[lbo-talk] anxious

Doug Henwood dhenwood at panix.com
Wed Sep 7 09:00:49 PDT 2005


Cseniornyc at aol.com wrote:


>Doug Henwood declares:" Yeah, but people have been saying things
>like this for 30 years. Know the enemy, man."
>^^^^^^^^^^^^^^^^^^^^^^^^^^^^^^^^^^^^^^^^^^^^^^^^^^^^^^^^^^^^^^^^^^^^^^^^^^^^^^^^^^^^^^^^^^^^^^^^^^^^^^^^^^
>Saying things like what? 30 years ago the US wasn't facing twin
>deficits approaching one trillion dollars. The financial sector was
>at the service of a powerful industrial one instead of being the
>leader of the economy as it is now..The economy was generating solid
>high wage jobs instead of low wage retail/service ones. Dollar
>hegemony was just beginning and the US currency reigned supreme
>.There was not serious competition from China and SEA for global
>resources, especially oil. This is a different kind of oil shock
>with farther reaching consequences. There were not asset bubbles
>whose deflation create serious disadjustments in the economy,
>etc,etc. So, honestly I don't know what do you mean by this
>statement. Also, do you subscribe to the type of logical reasoning
>such that because it rained yesterday it follows it'll rain tomorrow?
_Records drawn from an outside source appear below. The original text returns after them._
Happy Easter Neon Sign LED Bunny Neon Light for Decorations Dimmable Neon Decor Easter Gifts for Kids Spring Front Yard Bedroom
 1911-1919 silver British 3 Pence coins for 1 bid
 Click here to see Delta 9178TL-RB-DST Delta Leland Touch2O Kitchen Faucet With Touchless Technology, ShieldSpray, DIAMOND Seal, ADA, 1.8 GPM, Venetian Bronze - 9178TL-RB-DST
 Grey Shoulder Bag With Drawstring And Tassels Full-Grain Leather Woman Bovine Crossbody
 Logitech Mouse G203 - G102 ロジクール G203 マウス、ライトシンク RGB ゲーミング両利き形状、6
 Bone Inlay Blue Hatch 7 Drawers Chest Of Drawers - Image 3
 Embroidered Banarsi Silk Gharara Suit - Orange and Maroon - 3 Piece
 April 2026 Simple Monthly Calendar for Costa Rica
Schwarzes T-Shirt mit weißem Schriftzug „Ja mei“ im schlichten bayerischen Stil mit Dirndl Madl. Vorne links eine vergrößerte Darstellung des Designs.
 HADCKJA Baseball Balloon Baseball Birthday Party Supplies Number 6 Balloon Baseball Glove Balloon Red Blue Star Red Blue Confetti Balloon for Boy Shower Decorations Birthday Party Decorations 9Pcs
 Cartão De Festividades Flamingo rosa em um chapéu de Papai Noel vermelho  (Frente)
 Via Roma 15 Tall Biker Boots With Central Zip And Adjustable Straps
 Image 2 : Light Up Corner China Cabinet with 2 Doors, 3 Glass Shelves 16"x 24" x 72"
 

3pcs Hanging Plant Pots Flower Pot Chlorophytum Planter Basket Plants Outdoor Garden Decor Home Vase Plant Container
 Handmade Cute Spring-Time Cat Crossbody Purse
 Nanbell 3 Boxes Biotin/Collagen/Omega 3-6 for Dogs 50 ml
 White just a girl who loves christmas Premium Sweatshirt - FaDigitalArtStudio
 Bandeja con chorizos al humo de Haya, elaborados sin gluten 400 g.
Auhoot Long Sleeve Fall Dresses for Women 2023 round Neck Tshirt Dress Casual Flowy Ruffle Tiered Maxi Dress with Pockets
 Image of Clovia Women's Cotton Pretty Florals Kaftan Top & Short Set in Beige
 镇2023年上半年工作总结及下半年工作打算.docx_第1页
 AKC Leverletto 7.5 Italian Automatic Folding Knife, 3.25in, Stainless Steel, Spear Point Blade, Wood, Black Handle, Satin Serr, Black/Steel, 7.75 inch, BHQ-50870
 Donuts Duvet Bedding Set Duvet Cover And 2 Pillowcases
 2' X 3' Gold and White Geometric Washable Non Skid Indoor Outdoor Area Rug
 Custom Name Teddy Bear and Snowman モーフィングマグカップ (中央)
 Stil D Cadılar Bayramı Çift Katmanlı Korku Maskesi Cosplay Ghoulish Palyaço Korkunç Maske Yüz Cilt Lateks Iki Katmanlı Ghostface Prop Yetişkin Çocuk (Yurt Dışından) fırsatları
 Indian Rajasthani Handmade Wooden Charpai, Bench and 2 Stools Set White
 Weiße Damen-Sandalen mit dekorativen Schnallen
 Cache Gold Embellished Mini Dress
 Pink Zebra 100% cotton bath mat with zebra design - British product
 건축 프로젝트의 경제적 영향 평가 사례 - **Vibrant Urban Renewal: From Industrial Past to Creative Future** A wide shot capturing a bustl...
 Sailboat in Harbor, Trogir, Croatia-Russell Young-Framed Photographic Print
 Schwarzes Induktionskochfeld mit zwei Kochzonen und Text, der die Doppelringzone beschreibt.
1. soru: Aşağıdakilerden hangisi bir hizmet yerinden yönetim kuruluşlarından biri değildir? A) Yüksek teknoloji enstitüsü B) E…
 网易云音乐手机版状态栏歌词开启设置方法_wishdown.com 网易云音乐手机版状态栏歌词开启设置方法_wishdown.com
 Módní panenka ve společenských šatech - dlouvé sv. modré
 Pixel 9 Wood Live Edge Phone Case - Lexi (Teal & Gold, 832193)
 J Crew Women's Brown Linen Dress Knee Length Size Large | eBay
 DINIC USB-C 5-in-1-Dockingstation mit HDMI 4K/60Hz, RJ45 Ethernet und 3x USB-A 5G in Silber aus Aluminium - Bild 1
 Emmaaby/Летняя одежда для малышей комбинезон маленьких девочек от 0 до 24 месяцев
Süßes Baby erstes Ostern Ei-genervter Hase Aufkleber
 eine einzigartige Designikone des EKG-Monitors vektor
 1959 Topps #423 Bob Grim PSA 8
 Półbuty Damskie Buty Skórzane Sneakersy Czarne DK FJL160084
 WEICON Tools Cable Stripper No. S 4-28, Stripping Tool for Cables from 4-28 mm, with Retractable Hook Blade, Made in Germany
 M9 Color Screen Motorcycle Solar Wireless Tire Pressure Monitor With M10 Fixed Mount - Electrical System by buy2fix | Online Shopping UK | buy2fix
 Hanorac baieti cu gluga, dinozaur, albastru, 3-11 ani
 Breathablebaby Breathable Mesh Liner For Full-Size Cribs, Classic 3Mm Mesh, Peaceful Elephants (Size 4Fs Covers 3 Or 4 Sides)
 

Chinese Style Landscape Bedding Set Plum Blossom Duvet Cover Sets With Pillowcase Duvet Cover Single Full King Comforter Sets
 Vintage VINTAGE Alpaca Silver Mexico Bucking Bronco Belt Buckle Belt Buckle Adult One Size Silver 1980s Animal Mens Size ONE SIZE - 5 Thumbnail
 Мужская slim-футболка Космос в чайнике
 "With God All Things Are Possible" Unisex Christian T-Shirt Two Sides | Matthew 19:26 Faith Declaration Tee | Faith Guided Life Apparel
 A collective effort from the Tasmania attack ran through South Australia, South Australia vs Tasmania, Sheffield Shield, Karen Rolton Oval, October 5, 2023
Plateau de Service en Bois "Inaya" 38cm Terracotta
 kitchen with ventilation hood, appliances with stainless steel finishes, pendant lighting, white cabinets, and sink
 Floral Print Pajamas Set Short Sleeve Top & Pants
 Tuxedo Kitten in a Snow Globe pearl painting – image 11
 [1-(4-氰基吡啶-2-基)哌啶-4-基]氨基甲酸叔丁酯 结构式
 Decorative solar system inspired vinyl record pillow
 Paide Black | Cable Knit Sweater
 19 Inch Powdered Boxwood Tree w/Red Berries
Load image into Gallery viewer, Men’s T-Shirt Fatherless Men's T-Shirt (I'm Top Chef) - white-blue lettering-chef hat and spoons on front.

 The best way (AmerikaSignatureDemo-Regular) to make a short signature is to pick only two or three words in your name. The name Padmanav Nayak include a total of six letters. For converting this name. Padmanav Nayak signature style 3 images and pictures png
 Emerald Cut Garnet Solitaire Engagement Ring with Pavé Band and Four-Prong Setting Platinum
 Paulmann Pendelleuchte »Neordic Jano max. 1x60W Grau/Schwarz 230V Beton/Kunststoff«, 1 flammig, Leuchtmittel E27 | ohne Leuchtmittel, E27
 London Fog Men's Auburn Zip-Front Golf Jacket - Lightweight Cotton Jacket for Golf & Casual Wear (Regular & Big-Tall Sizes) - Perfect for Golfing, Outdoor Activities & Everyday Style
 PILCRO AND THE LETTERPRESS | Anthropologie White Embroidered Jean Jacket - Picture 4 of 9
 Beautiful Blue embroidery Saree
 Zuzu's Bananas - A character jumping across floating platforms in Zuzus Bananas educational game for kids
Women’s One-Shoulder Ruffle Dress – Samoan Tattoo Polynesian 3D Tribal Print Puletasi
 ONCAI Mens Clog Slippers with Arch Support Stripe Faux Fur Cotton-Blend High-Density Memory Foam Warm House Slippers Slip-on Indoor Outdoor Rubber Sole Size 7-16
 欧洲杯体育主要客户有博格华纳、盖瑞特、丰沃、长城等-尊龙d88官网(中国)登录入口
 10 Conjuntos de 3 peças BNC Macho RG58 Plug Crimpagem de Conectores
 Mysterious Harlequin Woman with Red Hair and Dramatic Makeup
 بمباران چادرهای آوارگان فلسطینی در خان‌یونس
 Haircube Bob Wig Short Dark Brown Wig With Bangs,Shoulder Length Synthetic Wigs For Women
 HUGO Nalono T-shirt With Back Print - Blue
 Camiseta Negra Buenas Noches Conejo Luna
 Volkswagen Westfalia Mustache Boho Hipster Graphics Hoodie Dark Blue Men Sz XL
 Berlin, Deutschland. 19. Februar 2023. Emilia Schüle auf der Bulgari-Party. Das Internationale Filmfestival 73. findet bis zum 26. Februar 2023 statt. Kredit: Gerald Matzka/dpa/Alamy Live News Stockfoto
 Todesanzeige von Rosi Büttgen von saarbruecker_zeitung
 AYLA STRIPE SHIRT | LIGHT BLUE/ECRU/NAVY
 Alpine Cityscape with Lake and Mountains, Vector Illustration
I feel like I've typed these words so many times over the last 10-12 years that I should make a macro. But here goes again.

People have been forecasting some sort of bone-crunching crisis for the U.S. economy, and the broader world economy, for several decades. They point to rising debt, financial market instability, or whatever the problem of the moment is. And that crisis has failed to materialize. It could yet someday, I'm not denying that. But its repeated failure to materialize should prompt some reflection on why it hasn't, and why the propensity to predict it persists. On the first, I think the prophets of doom underestimate the skill and power of state bailout managers (and also fall for the temptation to see every problem as a crisis). On the second, it's wishful thinking: on the left, anti-capitalists hope for a crisis so that the masses will turn to them for rescue; on the right, Austrian anti-statists hope it'll mean the end of deficit spending and activist central banks.

Since whenever I say that, several objections immediately arise, let me address them pre-emptively: yes, I know that lots of people live in insecurity and misery - that's standard operating procedure for capitalism. And yes I know that the run of good luck might not go on forever. But look at Japan's "crisis" of the 1990s - it wasn't much fun, but it wasn't the 1930s either.